I was educated that one should not use contractions in writing unless it is in dialogue. For example: Joe did not want to tell his wife the truth. He knew it was just a chance for her to go into one of her famous fits, and he could not put up with that. Is the way to write instead of Joe didn't want to tell his wife the truth. He knew it was just a chance to go into one of her famous fits, and he couldn't put with that. Or does it not matter and up to individual choice?
I suppose it depends on the tone you are trying to set. If you are looking to come across as more formal the first one would be the way to go. If you want your readers to feel like you are spinning them a yarn then the more causual style of number two might be a better fit.

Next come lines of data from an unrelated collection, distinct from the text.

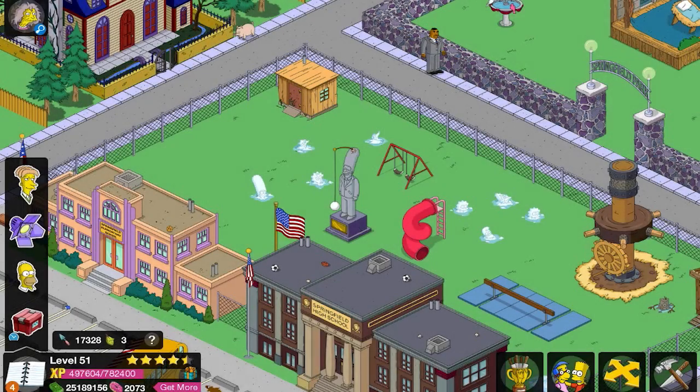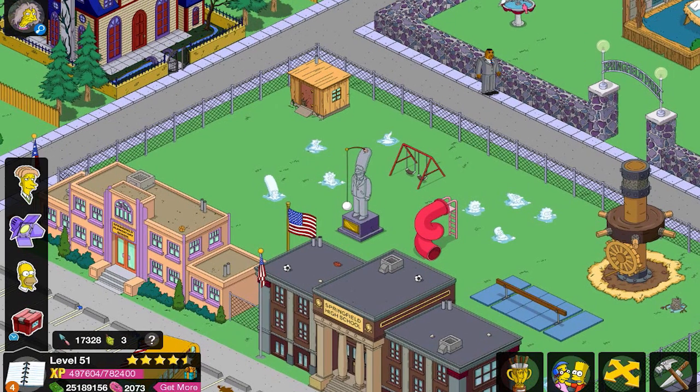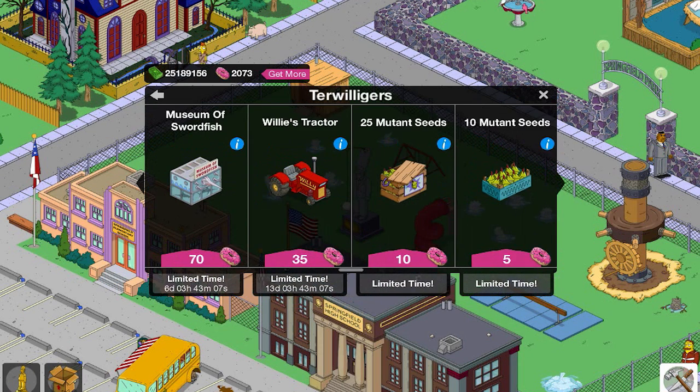Well hello hello everybody, as usual my name is Casey, and welcome to a limited time premium item that is only available for a certain amount of time. This item is available in the Turrwilligers event that is currently going on, and that item is Willy's Tractor, pretty much available for two weeks.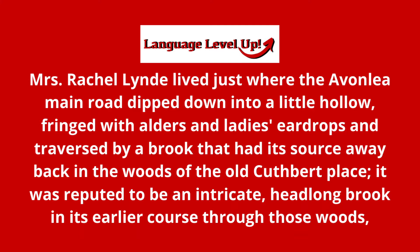...just where the Avonlea Main Road dipped down into a little hollow. 'Dipped' — notice the T sound at the end. The root word is D-I-P, 'dip,' and then 'dipped.' The Avonlea Main Road dipped down into a little hollow.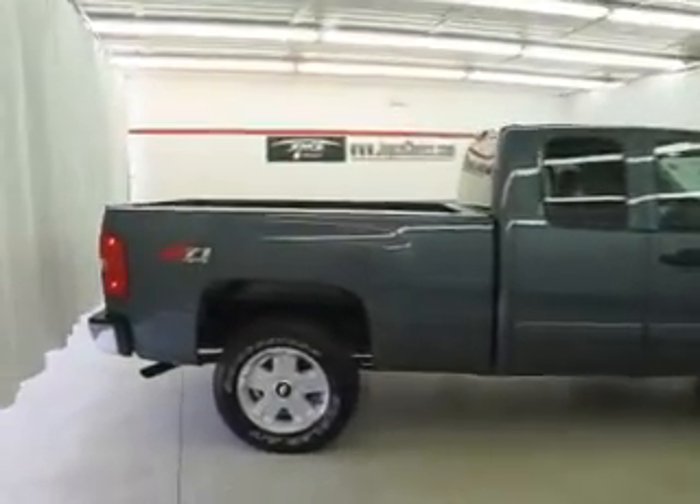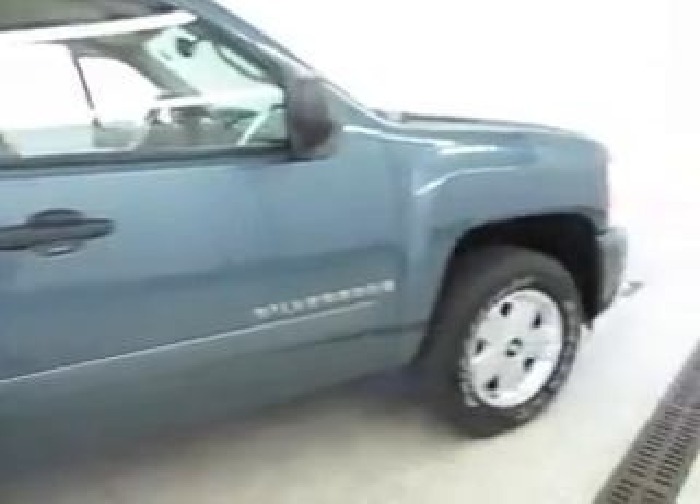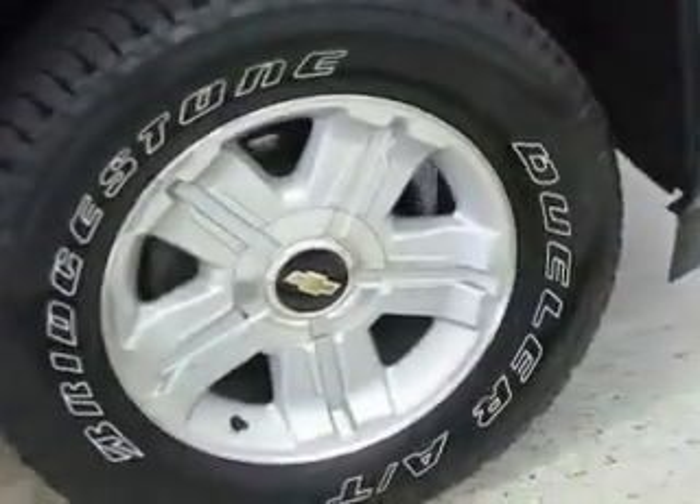Welcome to Joyce Buick GMC of Mansfield. We're located at 1400 Park Avenue West, only 60 minutes from Cleveland or Columbus, so airport pickup is always available.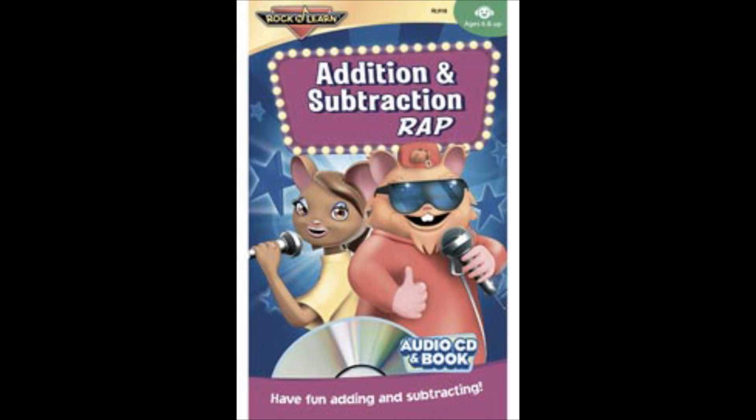All together now — that's our mission: rapid math facts, subtraction and addition! All together now. 11 minus 5 is 6, 9 and 2 equals 11, 13 take away 6 is 7, 6 plus 5 is 11.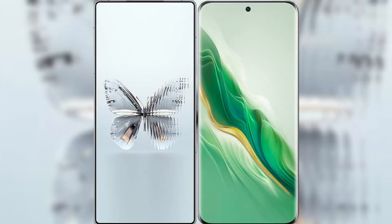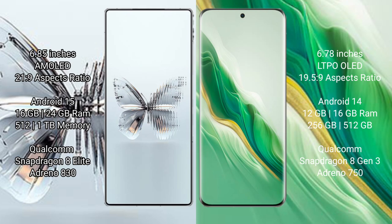I will compare the new Red Magic 10 Pro Plus with the Honor Magic 6. Red Magic 10 Pro Plus: 6.85 inches AMOLED display with Snapdragon 8 Gen Plus. Honor Magic 6: 6.78 inches LTPO OLED display with Snapdragon 8 Gen Plus.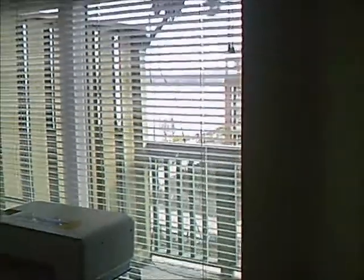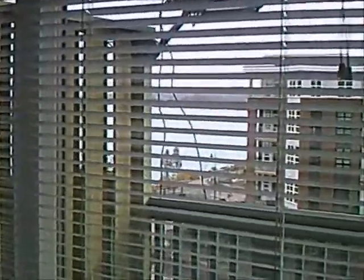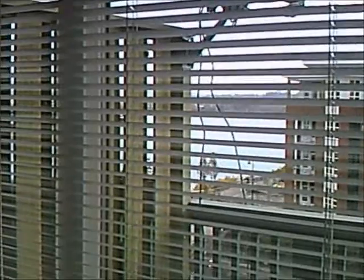Beautiful bright high vaulted ceiling, as well as a beautiful view of the river. That's a river view — I'm taking the shot through the blinds.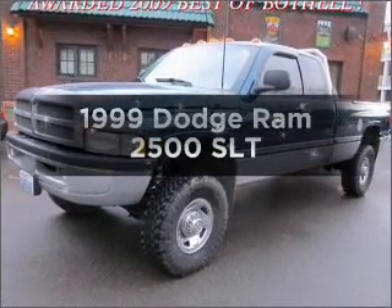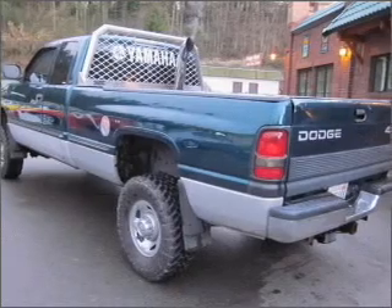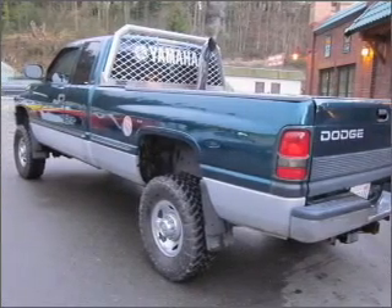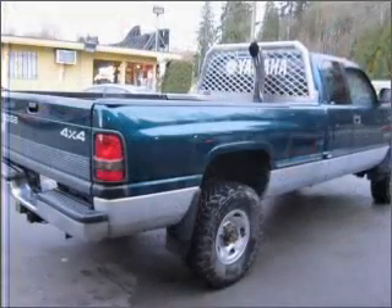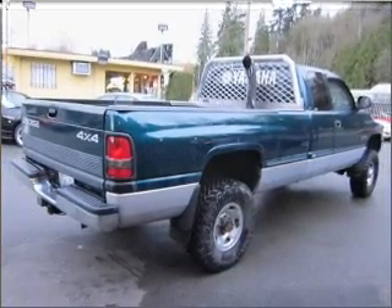Everything you need under one roof with this great vehicle. With a solid six cylinder engine that gives you more control with its manual transmission. Stand out from the crowd with premium wheels. Brake safely with the anti-lock braking system.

If I'm writing in first person, then it's pretty much all dialogue. Third person would be no contractions outside of dialogue. Second person would be the one where it may go either way?
I want to say I was taught it in a college class on grammar, but I can't remember. I know that if you're doing non-fiction, you do shouldn't use contractions.
First/second/third person really doesn't have anything to do with what you're asking about. Any one of these three can be as formal or as informal as it needs to be. I've never heard of this as a rule, and I think if you look at any nonfiction book, you'll find plenty of contractions. I happen to be in a middle of reading a fairly serious nonfiction book, the type with all manner of footnotes and references ("Chief Engineer: Washington Roebling, the Man Who Built the Brooklyn Bridge"), opened it to the page where I left off, and the first sentence I happened to see reads "Only now was the terrible war coming to its close, those who'd fought it might think" -- not "who had."
We've come a ways since contractions were considered slang. There are certainly places where I would consider not using contractions, but it would be a matter of the tone I was trying to set, not a question of whether I was abiding by or straying from "the norm". I could be wildly off-base, but I suspect that unless you're writing in the style of a Regency Romance or something of the sort, most readers aren't even going to notice.
I never heard about this convention, but it would make sense if your narrator is being formal. If the narrator is an active part of the story, it would seem off though. Their narration would be taken as more conversational.